Translated quote from an interview with JongRES representative Pelle Meurink
While youth participation in policy- and decision-making is a policy goal for nearly all municipalities, most of them feel they still have a long way to go to achieving it. The quote illustrates that everyone wants and tries to increase participation, but it is difficult to get it done. In her graduation, Eva combines the challenging topic of youth participation with the energy transition, a topic that young people are not interested in at all despite their interest in the broader and more abstract topic of climate change.
The design brief for Eva’s graduation project is to design concrete tools and a complementary strategy for youth participation in municipal decision-making on the energy transition. Eva started her project at the end of August at the Participatory City Making Lab. The project’s client is Citisens, a consulting firm that supports mostly municipalities in reaching and involving citizens through data, research and participation processes.
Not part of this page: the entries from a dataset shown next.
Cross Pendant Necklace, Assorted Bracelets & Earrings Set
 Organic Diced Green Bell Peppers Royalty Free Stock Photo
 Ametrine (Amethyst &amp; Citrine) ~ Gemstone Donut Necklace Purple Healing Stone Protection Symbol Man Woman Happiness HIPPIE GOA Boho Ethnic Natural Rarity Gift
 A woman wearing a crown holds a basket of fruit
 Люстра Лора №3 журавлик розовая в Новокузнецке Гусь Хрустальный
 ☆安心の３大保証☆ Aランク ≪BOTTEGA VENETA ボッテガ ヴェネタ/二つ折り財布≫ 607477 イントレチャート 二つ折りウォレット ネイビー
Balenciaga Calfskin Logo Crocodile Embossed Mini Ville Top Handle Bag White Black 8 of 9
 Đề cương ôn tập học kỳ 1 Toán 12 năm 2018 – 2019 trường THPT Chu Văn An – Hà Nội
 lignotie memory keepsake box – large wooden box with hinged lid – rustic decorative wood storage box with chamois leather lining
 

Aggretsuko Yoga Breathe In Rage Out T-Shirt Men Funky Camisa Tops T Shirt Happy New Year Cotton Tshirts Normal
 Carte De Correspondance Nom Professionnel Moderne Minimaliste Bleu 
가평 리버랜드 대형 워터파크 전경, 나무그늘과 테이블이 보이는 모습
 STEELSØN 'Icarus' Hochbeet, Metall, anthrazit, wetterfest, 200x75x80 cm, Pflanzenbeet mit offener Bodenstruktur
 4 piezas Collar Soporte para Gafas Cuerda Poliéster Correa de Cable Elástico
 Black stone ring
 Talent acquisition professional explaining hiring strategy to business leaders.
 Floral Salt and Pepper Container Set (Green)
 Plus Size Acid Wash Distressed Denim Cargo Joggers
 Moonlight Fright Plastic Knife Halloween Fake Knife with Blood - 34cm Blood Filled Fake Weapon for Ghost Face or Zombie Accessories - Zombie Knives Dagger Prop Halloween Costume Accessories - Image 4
Designing for participation through participation
As facilitating participation is the goal of her graduation project, Eva wanted to ensure that the project itself has a participatory nature as well. Involving key stakeholders and experts has therefore been a core theme throughout her project so far. During the first weeks she interviewed in total 7 experts on youth participation, the energy transition and the organization and policy-making processes of the municipality. For the larger part, participation has been manifested in her project in the shape of co-creation sessions with stakeholders.
So far, Eva has been able to organize 9 (online and offline) co-creation sessions with in total around 100 participants: ranging from high school and MBO students to civil servants and from a youth council to mayors. During the sessions they explored what young people care about, how they would like to participate and what is required from the side of the municipality. The first co-creation activities – a co-creation wall for in-between activities and a co-creation session – already took place on the 2nd and 3rd day of her project at the Necker Parade, an event organized by her client for mostly mayors, aldermen and council clerks.
Furthermore, from the 3rd until the 8th of November, Eva had the opportunity to go to several events around the UN Climate Conference COP26 in Glasgow together with DWARS (the Dutch young greens). The activities in Glasgow ranged from a tour that focused on the ‘dark side’ or negative impacts of Glasgow’s landmarks and history (both environmentally and socially), a debate with other young greens from across the world, panel discussions with inspiring activists and politicians, shocking documentaries and a Scottish dance night (Cèilidh) to the climate protest together with 100.000 people. Attending the activities around COP both impressed and inspired Eva, especially on the topics of climate justice and inclusivity. Seeing representatives from minorities all around the world speak up about the impacts of climate change on their lives made her determined to make inclusivity, which is one of the major challenges of participation, a core element in her design.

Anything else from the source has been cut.